The Guardian newspaper published the classified court order this week. In it, the National Security Agency required Verizon Wireless to hand over information about all domestic and foreign calls on a daily basis, no matter if the callers were suspected of any criminal wrongdoing.
Amash says the U.S. Constitution prohibits that.
“It’s there to protect you in exactly these kinds of situations. There’s not supposed to be broad sweep of everyone’s information. You’re supposed to have probable cause to go after people’s information,” Amash said.
The NSA used the Patriot Act to petition for the records. Amash says the act itself is unconstitutional. But Congressman Huizenga believes the act has simply been misused. He says the legislative branch needs to step up its oversight role of the executive branch.

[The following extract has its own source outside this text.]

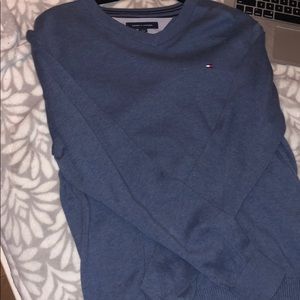 TOMMY HILFIGER OVERSIZED VNECK SWEATER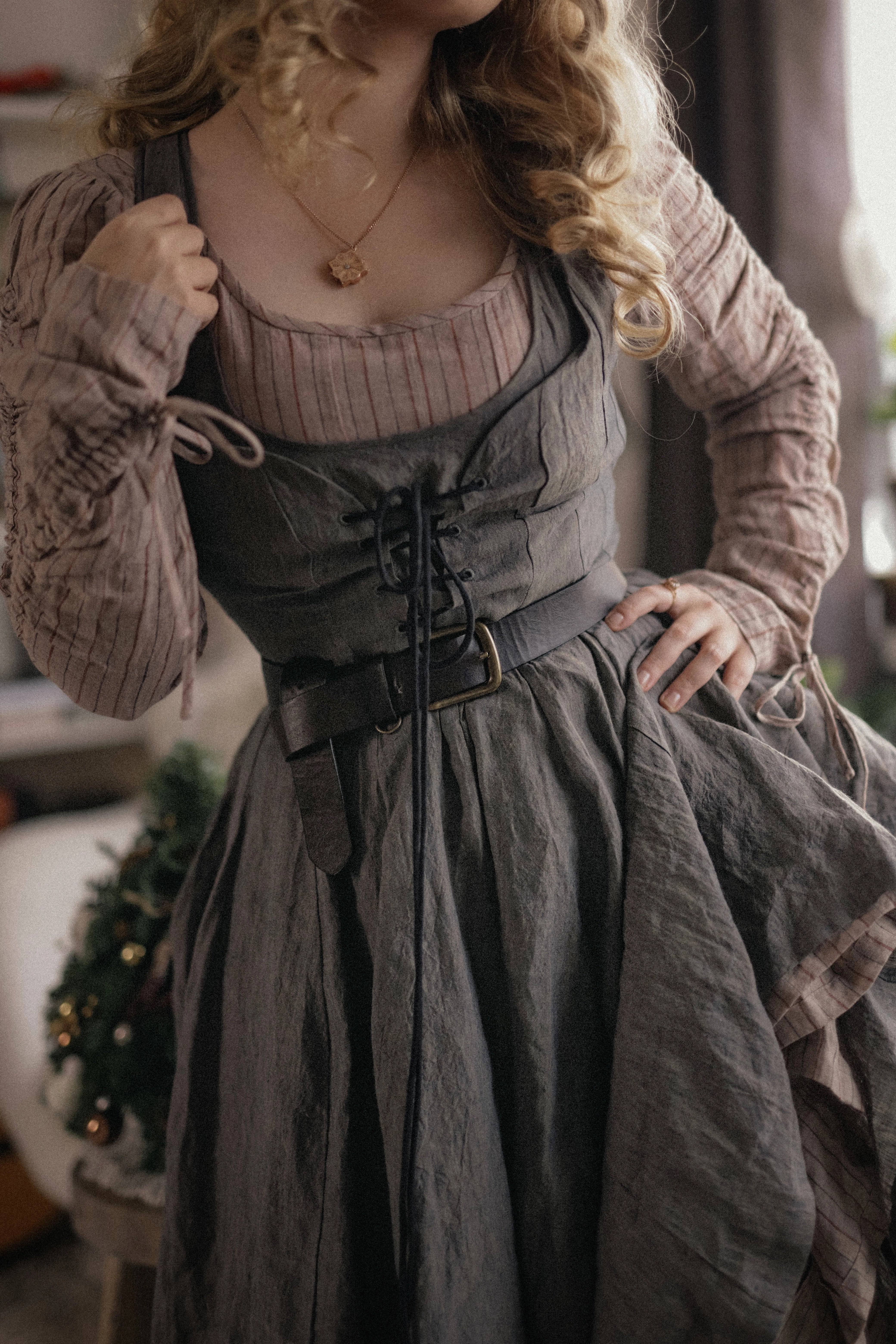 Travel Fit Alisa 25 | lace up linen dress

“Think of yourself if you were an Obama voter in 2008,’ Huizenga said, “It was relentless attack upon the overreach of the Bush administration and where the administration is now more drone attacks, IRS issues, this happening; I think this is going to cause more distrust between people and their government.”
Earlier Friday, Rep. John Conyers (D-Detroit) issued a statement saying the revelations “raise serious alarm bells.” He said the issues require “a full and candid review and discussion” in the Judiciary Committee, which he once chaired.
Amash was the only Republican in the Michigan delegation to vote against re-authorizing the Patriot Act in 2011. It was first passed after 9-11 to help combat terrorism.
The chairman of the House Intelligence committee says the ongoing NSA search of telephone records thwarted an attempted terrorist attack in the United States in the last few years.
Meanwhile, Congressman Mike Rogers (R-Brighton) defended the telephone records collection at a Capitol Hill news conference on Thursday. He said the information culled from the records enabled U.S. authorities to stop a "significant case."
He declined to provide additional details but said he was in touch with U.S. officials about providing more information.
He said the NSA search is for business records and is constantly being reviewed. He said nothing is done without court approval.